3. Learning from mistakes: Mistakes are an excellent way to learn. To paraphrase Albert Einstein, mistakes are actually tiny successes, because they teach us what does not work, which helps us to get closer to our goals. A coach helps you overcome negative and destructive emotions through the use of constructive feedback.
4. Becoming more self-aware: Self-awareness is a high priority for executives. A coach uses a variety of processes to teach this master skill to executive clients.
5. Developing keener self-reflection: Top executives know self-reflection, or examining the past and the present to positively impact the future, is a conscious process. The trained coach encourages daily self-reflection to achieve peak performance.
6. Defining appropriate developmental goals: Forward-thinking executives seek out learning objectives that enhance enjoyment of life and the achievement of success. The best coaches work closely with the executive to blend personal and professional agendas with the goal of advancing self-fulfilment and leadership abilities.

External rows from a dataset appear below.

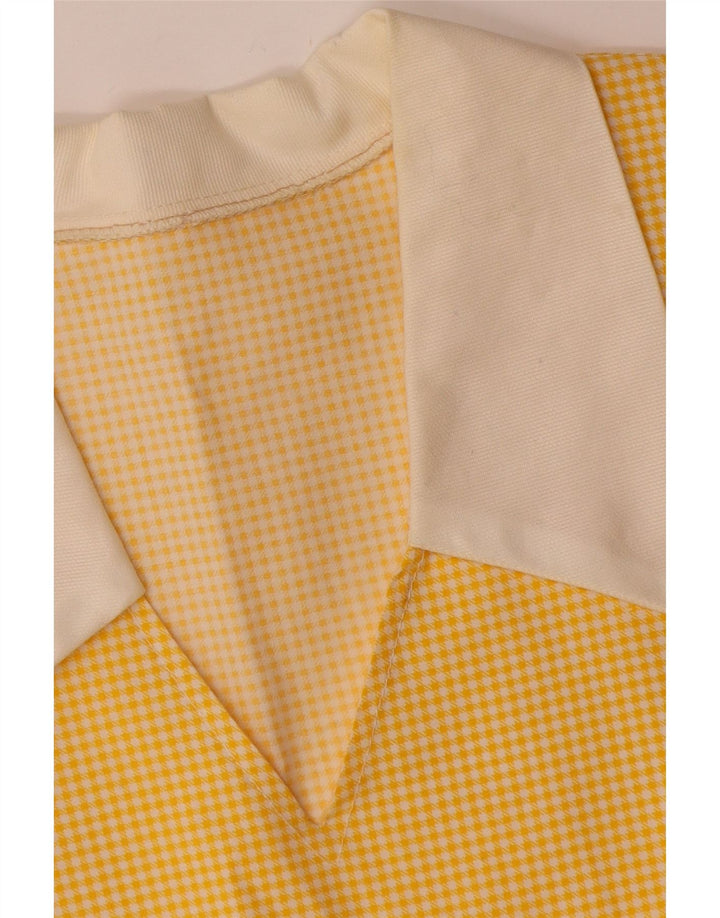 Vintage Damen A-Linie Kleid UK 12 Mittelgelbes Gingham
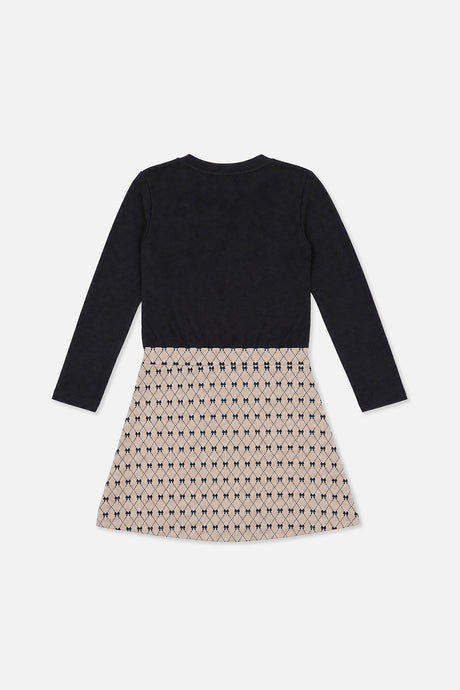 Bi-Material Dress Black And Beige Bow Tie Print-1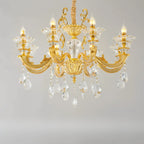 Living Room Golden Crystal Pendant Up Light Chandelier With Candelabra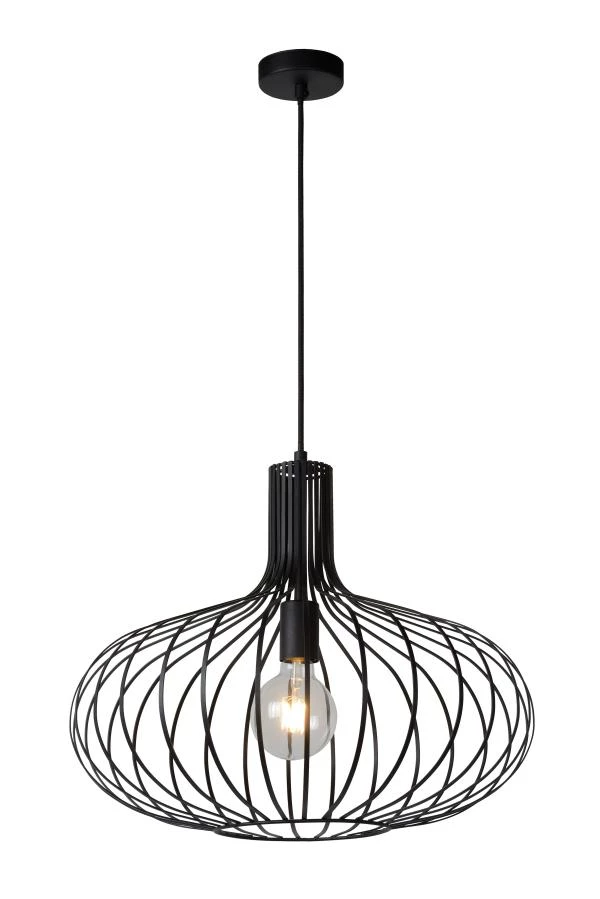 Lucide MANUELA - Hanglamp - Ø 50 cm - 1xE27 - Zwart - aangezet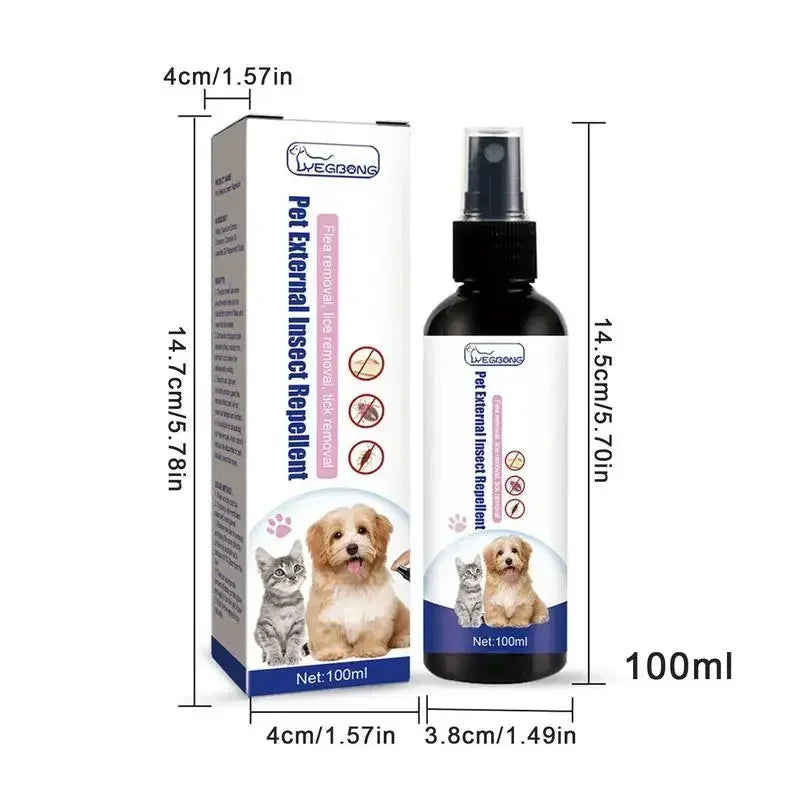 Pet Flea Removing Spray for Cats and Dogs Skin Cleaning for Pets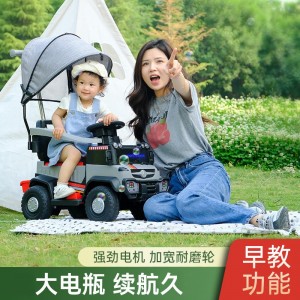 Children&#039;s electric car four-wheel remote control toy car can seat men, women, children, and babies push the stroller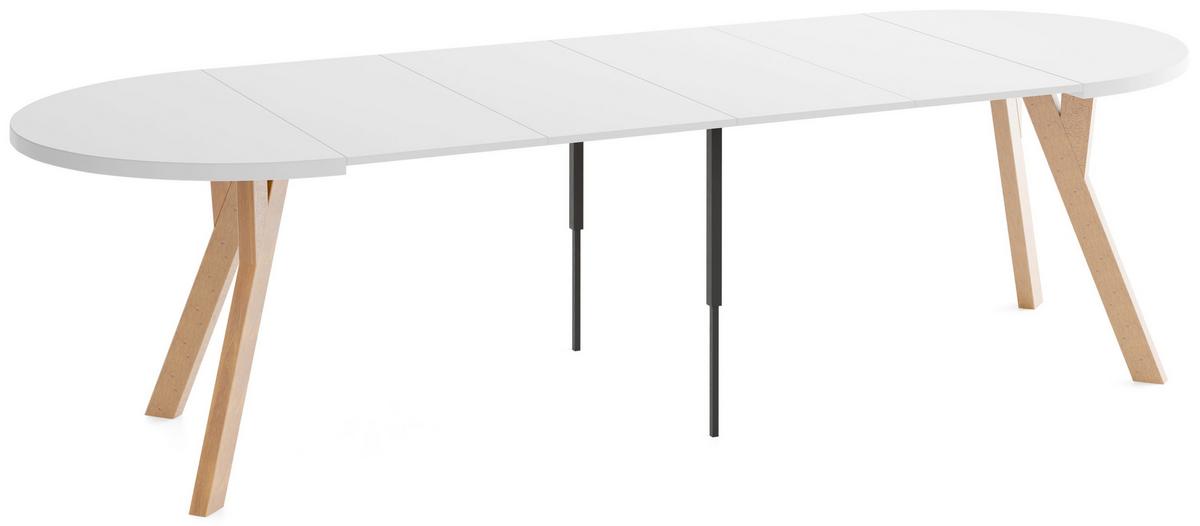 ESSTISCH Avero rund, ausziehbar, Massivholzbeine aus Buche, Weiß 100-300/100/77 cm - Hellbraun/Weiß, Holz/Holzwerkstoff (100/300/76.5cm) - WFL GROUP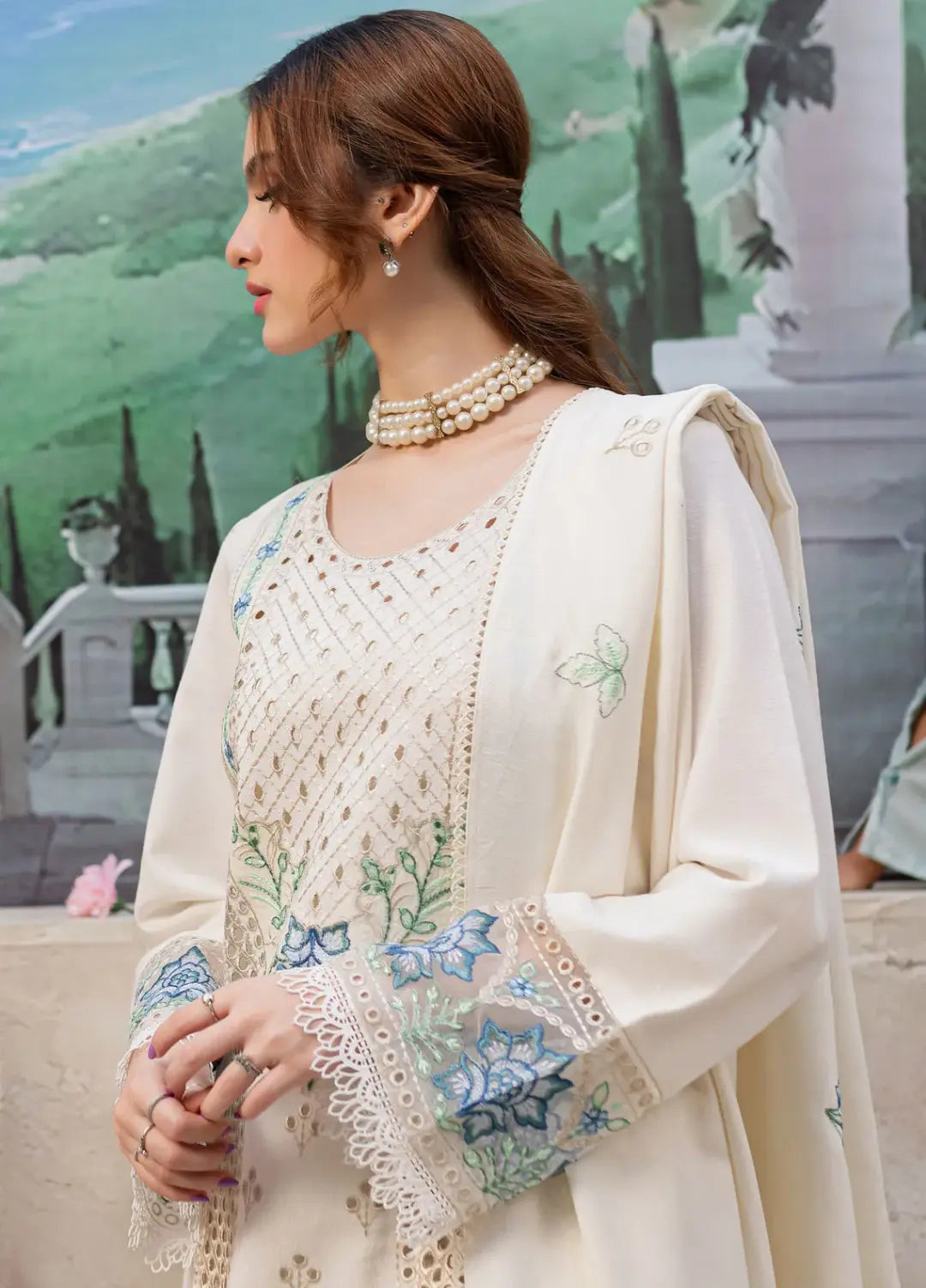 Qalamkar Embroidered Chikenkari Lawn Three Piece QL-110
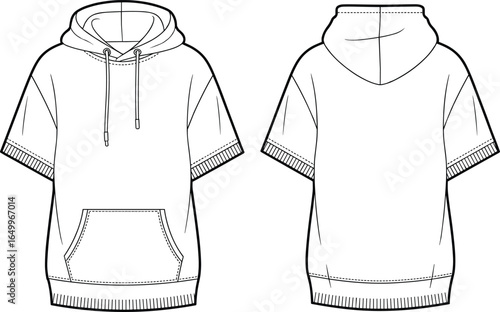 Short sleeve hoodie technical flat sketch, front and back views, drawstring hood, kangaroo pocket, ribbed cuffs and hem, cad drawing flat vector illustration
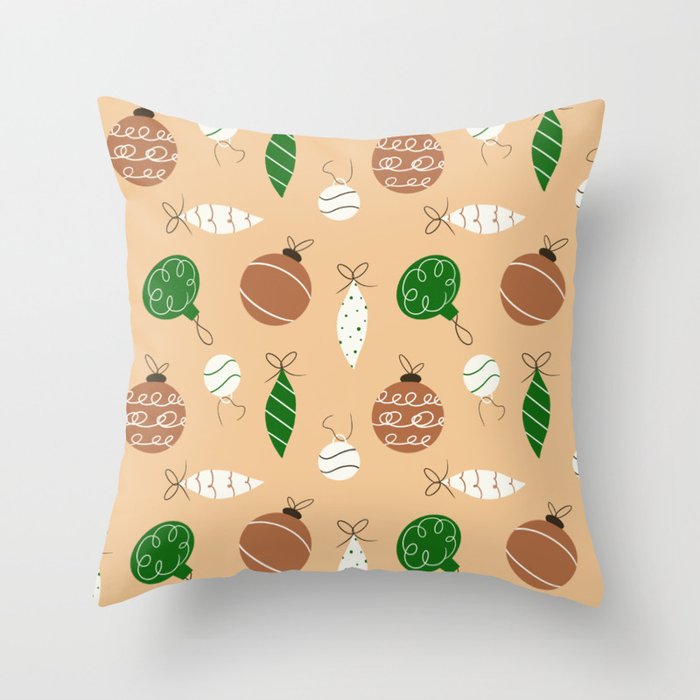 Christmas Ornaments Brown Throw Pillow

7. Leveraging strengths and minimizing weaknesses: Each executive is an individual, with individual talents, skills and flaws. Learning how to leverage these gifts is often elusive to the busy executive. The coach teaches how to bring your strengths and assets to bear on daily priorities, organizationally and personally. When your assets align with these goals, the impact is measurable.
8. Personal/Professional Balance: Embracing a holistic outlook for success is crucial to peak performance. A coach teaches how to achieve a synergistic balance in life and work, to avoid stress-related illness, burnout and inferior performance.
9. Grace under pressure: The life of a top executive is demanding. A wide variety of interpersonal skills are needed, and executives who grasp these skills the best will rise to the top. The coach helps the executive learn how to quickly change direction, to think on his or her feet, to stay in a min-zone that is nimble and quick, and to confidently make decisions under pressure without continual second guessing.
10. Recognizing and conquering blind spots: Everyone has one or more blind spots. Refusing to recognize blind spots puts one at risk for failure. Leadership depends upon a high degree of self-awareness. The executive with an intense sense of self is already head and shoulders above others, and the coach can intensify self-awareness so blind spots do not degrade the executive’s effectiveness.
11. Reducing Linear Thinking- Expanding Asymmetrical Thinking: The left brain is orderly, mathematical. The right brain is creative, intuitive. Superior organizational abilities require skilled linear thinking. But analytics take one only so far. Asymmetric, creative thinking is also essential, and a trained coach can help the executive blend both sides of his or her personality for optimal effect.
12. Outcome-oriented vs. People-oriented: Skills that get the job done must be blended with people skills for the right balance between operational success and the human skills every organization thrives on.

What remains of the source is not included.